YOUR INSTRUCTIONS:
In the entries below, find the string "Ford" and return each line holding it.

[Records from a data source]
· · ·
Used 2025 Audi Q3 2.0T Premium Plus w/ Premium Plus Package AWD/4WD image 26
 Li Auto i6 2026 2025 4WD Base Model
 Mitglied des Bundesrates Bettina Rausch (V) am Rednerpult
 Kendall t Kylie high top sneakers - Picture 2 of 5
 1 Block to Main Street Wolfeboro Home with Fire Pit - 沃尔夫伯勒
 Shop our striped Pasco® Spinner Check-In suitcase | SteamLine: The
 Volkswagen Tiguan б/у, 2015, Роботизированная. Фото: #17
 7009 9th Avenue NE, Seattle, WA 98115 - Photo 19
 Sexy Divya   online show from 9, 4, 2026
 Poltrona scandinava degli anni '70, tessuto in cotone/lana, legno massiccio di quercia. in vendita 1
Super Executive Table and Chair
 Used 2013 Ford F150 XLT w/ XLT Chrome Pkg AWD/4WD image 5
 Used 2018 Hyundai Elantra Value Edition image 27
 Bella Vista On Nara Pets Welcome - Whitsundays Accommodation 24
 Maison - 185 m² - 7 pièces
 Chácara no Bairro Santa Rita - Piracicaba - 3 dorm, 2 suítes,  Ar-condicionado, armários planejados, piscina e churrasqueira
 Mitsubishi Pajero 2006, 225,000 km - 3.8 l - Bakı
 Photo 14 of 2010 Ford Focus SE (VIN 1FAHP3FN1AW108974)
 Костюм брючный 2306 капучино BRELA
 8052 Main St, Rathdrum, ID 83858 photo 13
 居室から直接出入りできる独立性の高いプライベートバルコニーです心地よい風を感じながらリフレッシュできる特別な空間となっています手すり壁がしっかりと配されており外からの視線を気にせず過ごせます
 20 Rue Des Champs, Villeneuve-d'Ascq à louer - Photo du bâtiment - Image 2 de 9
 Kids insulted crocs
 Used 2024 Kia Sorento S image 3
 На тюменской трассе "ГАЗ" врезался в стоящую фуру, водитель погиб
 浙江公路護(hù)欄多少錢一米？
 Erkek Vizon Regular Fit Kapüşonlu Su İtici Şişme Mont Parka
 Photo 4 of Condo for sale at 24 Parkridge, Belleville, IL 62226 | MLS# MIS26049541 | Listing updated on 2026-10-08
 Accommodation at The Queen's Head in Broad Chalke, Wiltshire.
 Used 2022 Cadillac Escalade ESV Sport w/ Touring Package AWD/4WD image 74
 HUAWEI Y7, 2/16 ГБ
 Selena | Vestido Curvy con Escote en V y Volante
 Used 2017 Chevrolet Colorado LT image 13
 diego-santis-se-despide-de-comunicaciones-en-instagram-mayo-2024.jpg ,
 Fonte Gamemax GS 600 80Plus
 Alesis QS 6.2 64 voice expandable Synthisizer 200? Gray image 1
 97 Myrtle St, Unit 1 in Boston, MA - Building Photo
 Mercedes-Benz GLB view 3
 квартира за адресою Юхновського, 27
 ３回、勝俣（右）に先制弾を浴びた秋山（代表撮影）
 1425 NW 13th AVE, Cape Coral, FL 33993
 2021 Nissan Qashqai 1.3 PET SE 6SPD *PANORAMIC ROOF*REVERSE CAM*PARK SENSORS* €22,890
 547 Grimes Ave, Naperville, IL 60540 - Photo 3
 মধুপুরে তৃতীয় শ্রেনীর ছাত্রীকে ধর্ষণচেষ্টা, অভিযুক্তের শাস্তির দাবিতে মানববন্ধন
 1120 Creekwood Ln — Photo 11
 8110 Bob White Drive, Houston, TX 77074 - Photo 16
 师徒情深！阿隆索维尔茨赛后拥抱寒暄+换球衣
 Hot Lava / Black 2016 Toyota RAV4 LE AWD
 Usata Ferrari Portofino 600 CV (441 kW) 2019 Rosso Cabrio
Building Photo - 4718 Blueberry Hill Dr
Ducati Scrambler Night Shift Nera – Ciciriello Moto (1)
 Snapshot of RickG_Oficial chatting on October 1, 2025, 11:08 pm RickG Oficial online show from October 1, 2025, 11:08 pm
· · ·
ANSWER FOR THE TASK:
 Used 2013 Ford F150 XLT w/ XLT Chrome Pkg AWD/4WD image 5
 Photo 14 of 2010 Ford Focus SE (VIN 1FAHP3FN1AW108974)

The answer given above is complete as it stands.